> Material provided
+-------+

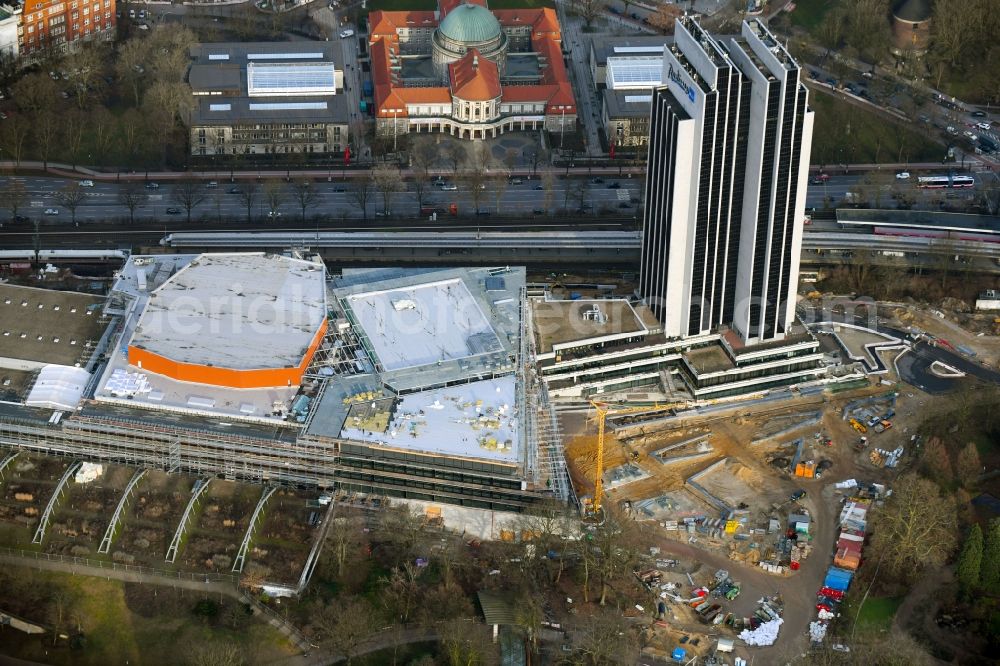 Aerial photograph Hamburg - Renovation site of the Congress Center ( CCH ) on High-rise building of the hotel complex Radisson Blu on Marseiller Strasse in Hamburg, Germany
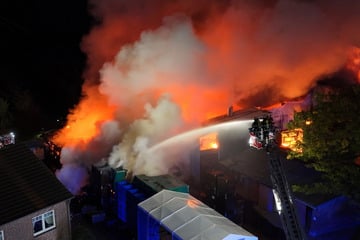 Hamburg: Großbrand in Hamburg: Lagerhalle in Flammen!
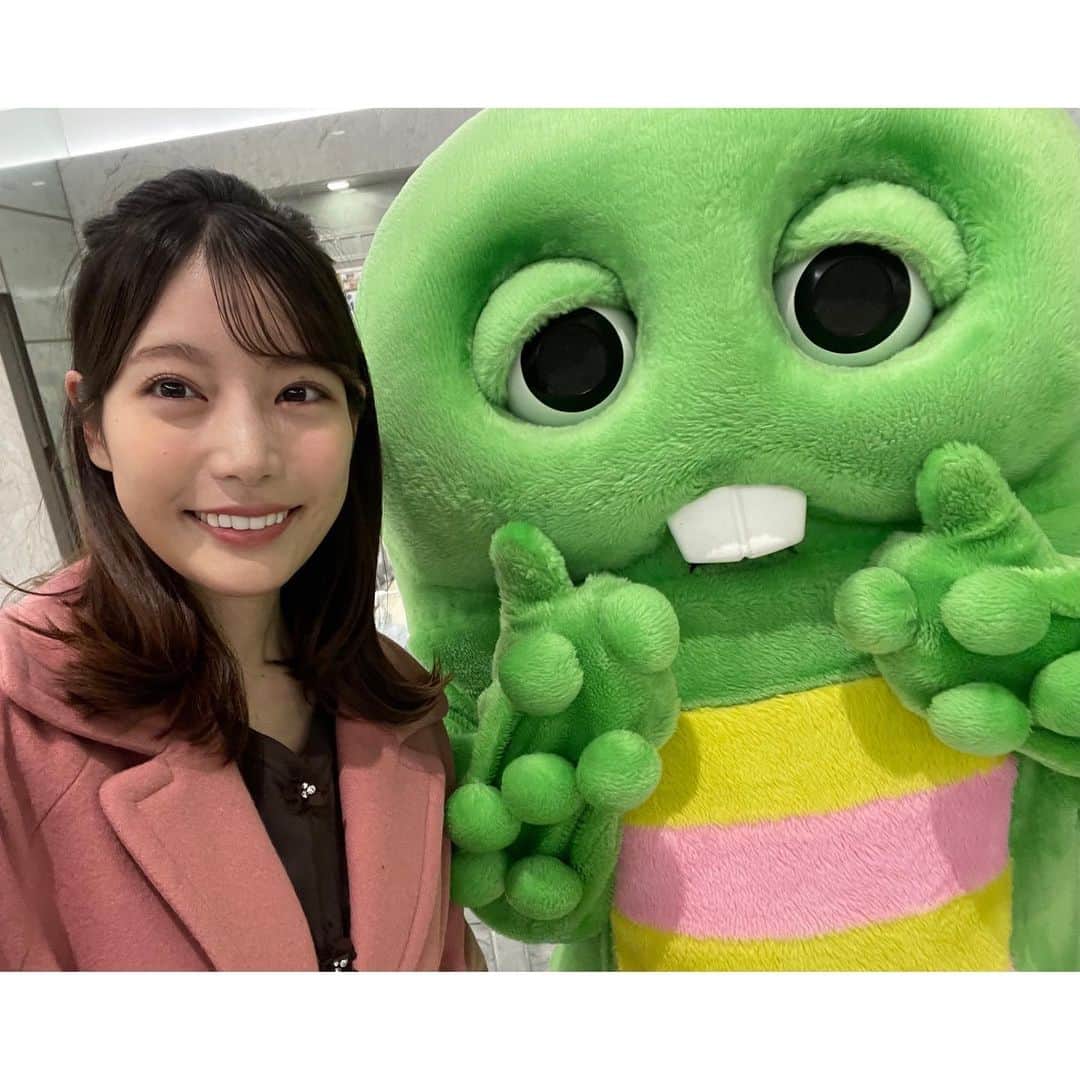 竹俣紅のインスタグラム：「🍲 今週も「ソラよみ」を観てくださってありがとうございました。 ⁡ ⁡ 金曜日のきのうは、 週末にかけて人気になりそうな食材をご紹介する「食べヨミ」をお伝えしました。 ⁡ 家に帰ると、食べヨミを観た母が、 “買いドキ”メニューの ねぎ豚しゃぶしゃぶを作って待っていてくれました☺️ ⁡ 母によると、しゃぶしゃぶ用の豚肉とねぎがお買い得だったそうです◎ ⁡ 我が家のしゃぶしゃぶは、ごまだれとラー油で食べます。 みなさんは、ごまだれ派？ぽん酢派？ それとも、なにか他にタレがあったりするのかしら…😋 ⁡ ⁡ #イット #ソラよみ #食べヨミ」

+-------+

> Task to carry out
The expected output is the exact run of lines from the first line of the material above through the line that contains "Hamburg: Großbrand in", minus any pictures.

> Output of the exercise
 Aerial photograph Hamburg - Renovation site of the Congress Center ( CCH ) on High-rise building of the hotel complex Radisson Blu on Marseiller Strasse in Hamburg, Germany
 Hamburg: Großbrand in Hamburg: Lagerhalle in Flammen!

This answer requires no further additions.